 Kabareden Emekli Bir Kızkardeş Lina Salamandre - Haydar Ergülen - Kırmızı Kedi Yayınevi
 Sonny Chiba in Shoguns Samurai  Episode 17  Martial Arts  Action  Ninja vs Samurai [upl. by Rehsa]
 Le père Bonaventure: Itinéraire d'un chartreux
----------------
• _THE TASK_: Write out the material again, matching every line.

• _RESPONSE AREA_:
 Kabareden Emekli Bir Kızkardeş Lina Salamandre - Haydar Ergülen - Kırmızı Kedi Yayınevi
 Sonny Chiba in Shoguns Samurai  Episode 17  Martial Arts  Action  Ninja vs Samurai [upl. by Rehsa]
 Le père Bonaventure: Itinéraire d'un chartreux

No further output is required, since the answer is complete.